Copy out exactly, from the entries that follow, the line holding "Bateleur - Bateleur - Terathopius ecaudatus", the line holding "Labrador Retriever dogs", and all lines between them, but no pictures.

____________

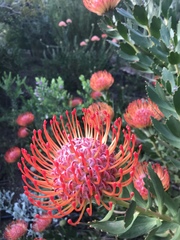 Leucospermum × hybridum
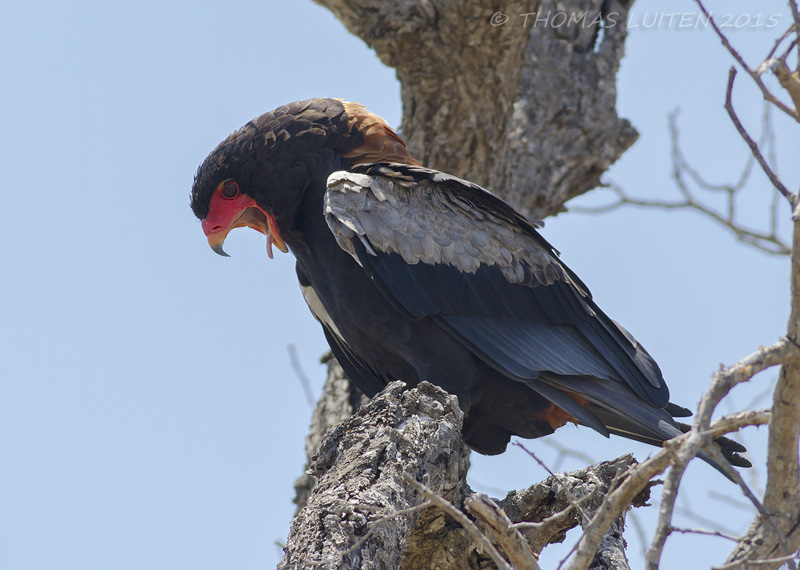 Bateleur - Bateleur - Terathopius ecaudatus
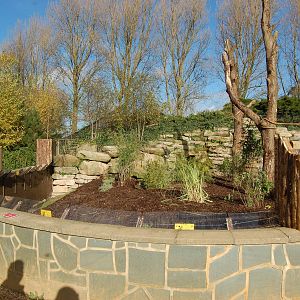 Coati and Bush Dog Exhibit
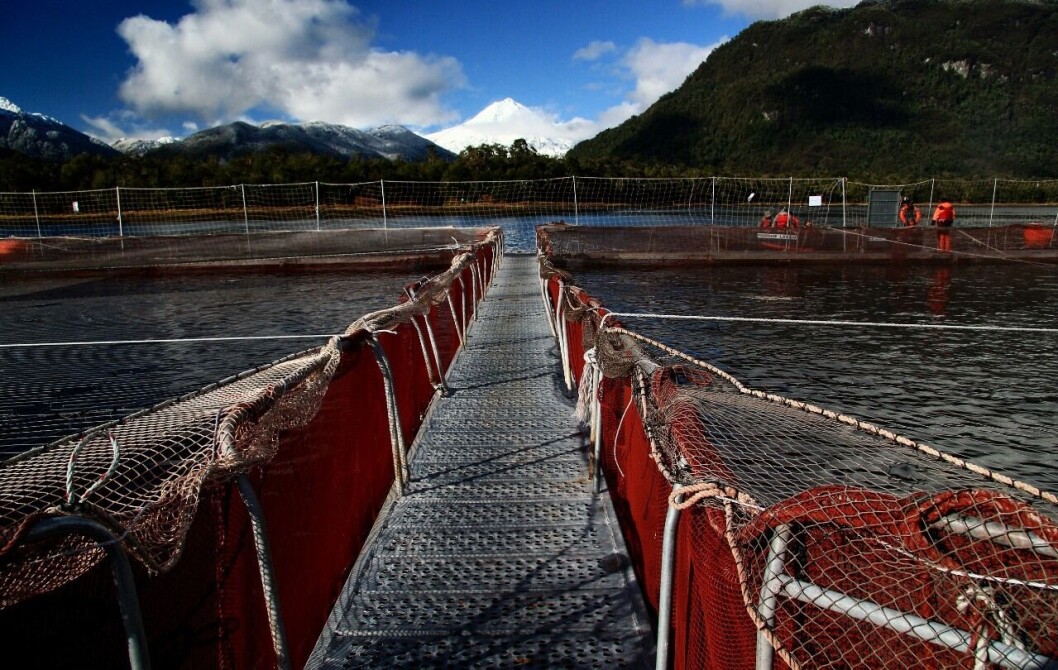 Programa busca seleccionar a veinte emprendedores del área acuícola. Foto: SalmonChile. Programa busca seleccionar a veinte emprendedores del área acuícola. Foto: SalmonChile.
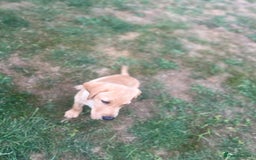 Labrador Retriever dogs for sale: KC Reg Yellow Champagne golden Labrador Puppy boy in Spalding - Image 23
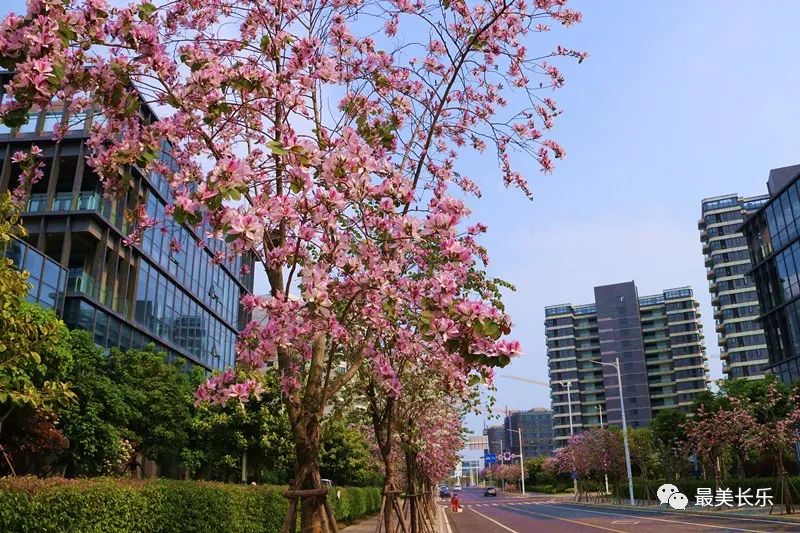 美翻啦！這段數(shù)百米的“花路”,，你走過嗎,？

____________

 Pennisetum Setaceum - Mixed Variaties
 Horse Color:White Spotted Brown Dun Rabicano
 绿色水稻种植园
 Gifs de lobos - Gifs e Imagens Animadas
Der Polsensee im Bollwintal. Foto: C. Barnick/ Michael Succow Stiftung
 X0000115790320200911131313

____________

* Solution below *
 Bateleur - Bateleur - Terathopius ecaudatus
 Coati and Bush Dog Exhibit
 Programa busca seleccionar a veinte emprendedores del área acuícola. Foto: SalmonChile. Programa busca seleccionar a veinte emprendedores del área acuícola. Foto: SalmonChile.
 Labrador Retriever dogs for sale: KC Reg Yellow Champagne golden Labrador Puppy boy in Spalding - Image 23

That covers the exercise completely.